To fight this human monstrosity, one doesn’t need to memorize which multi-national megacorporations are guilty of crimes against humanity in order to avoid supporting them. Rather, as you illustrate, boycotting them all will work just fine.
Walmarts have been hell on the rural south. they’ve dried up more small towns than the Eisenhower Interstate system (which did a lot of good for the country as well as harm).
What a fereaky world we live in when the Right gets poor people to support repeal of the “Death Tax.” HA!
Great writing, as usual….
Well… I sit here as the blanket is used to cover a retailer who i admire.. I run a Wal-Mart… I am responisible for over 200 people who i truly care for and respect. We serve over 5000 people a day not by choice but because they choose us… Our people are treated well and given many doors to move up in the company.. I myself started as a cart collector only 6 years ago and through hard work obtained the role i currently hold… I stand by the foundation of the company… I take care of the people that work for us in the field… I care about their families and how they feel about our company.. We are number one for a reason… because we work hard.. we promote the best and we push people to reach higher… Can we continue to improve of coarse.. do we continue to improve YES .. This is a big blanket.. the word “Wal-Mart”… it covers 70,000 Canadians…. so when you use this word ensure you speak with facts… However we realize that being number one brings attendion and we stand up to the challenge of defending our reputation..

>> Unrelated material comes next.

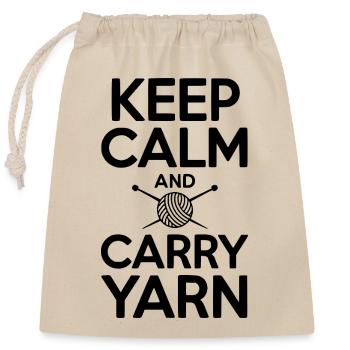 Keep Calm and Carry Yarn - Closable cotton gift bag (25x30cm) - nature - Front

This doesn’t defend Wal-Mart’s reputation, John Doe. This is purely subjective information you’re posting here and doesn’t match the facts about Wal-Mart.

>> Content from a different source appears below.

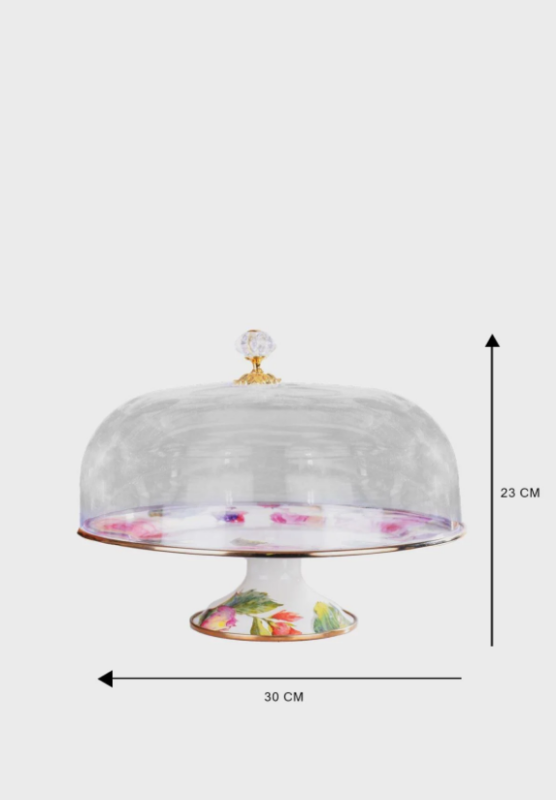 Rose Deluxe Emaye Ayaklı 30 Cm Kek Fanusu - 5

Wal-Mart Wages don’t Support Wal-Mart Workers
Walmart’s benefit plan, welfare and food stamps
Walmart Welfare – taxpayers subsidize the world’s largest retailer
Walmart Welfare
Wal-Mart’s Welfare Dependency
Whether you were the cart collector who moved up, as you claim to have been, or are just paid to go out and do damage control, it amounts to the same thing. You’re working for a monster sized company that has reached its number one status through poverty-creating means. As for people choosing to shop there, Wal-Mart is well known for going into rural areas, drop prices insanely, kill local businesses, and then raise their prices when the competition is gone. That there are people who could afford not to shop Wal-Mart and support it is no credit to anyone. It’s greed and not looking out for the welfare of the community.
Below poverty level wages aren’t wages. That’s a prison of virtual slave labor.

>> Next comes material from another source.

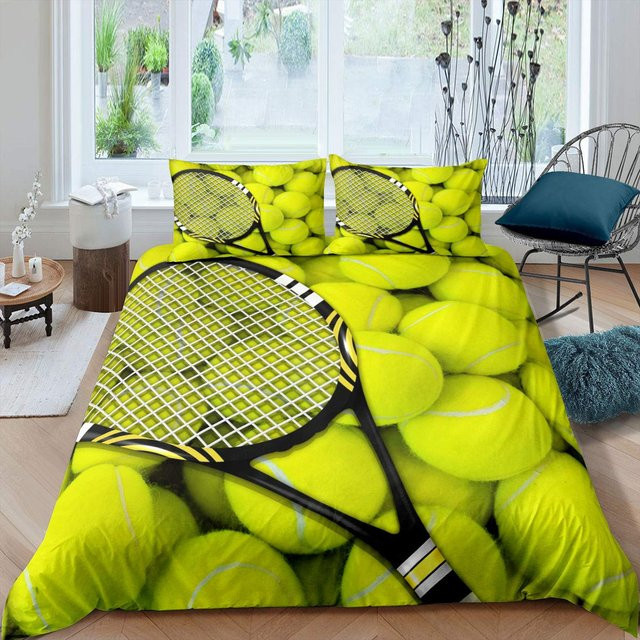 Bettwäsche-Set Binchi Fitness Tennisball Design aus Mikrofaser, Gelb, B/H: 135 x 200 cm - Bild 1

You leave no e-mail address. You don’t give your full identity. Apparently you’re not that invested in standing up for your 100 billion dollar bosses.
I find it curious that Liberals love to get their greedy little hands on the hard workings accomplishments. They are never there to do the lifting but they want to help you spend the money. Wake up America!!! Wal-Marts not the problem….Liberals are!!!
I agree with the site administrator. Attendion. Nice spelling buddy. You are a real joke. I live in an upity area. Everyone around here knows what a craphole Walmart is. The only people who shop there are, well frankly “white trash”. Target blows walmart out of the water. They treat their employees twice as good. So, this John Doe doesn’t want to leave any contact info. I’d probably say that is a good idea. I personally don’t care one way or another, because I don’t work there. Actually I take that back. I feel for the families of workers who work their butts off there. That’s a choice they are making, but I think walmart should be held accountable. Don’t worry I have a strong faith in God. I think Walmart has it coming to them. Prediction — 10 yrs from now they fall flat on their faces and go bankrupt.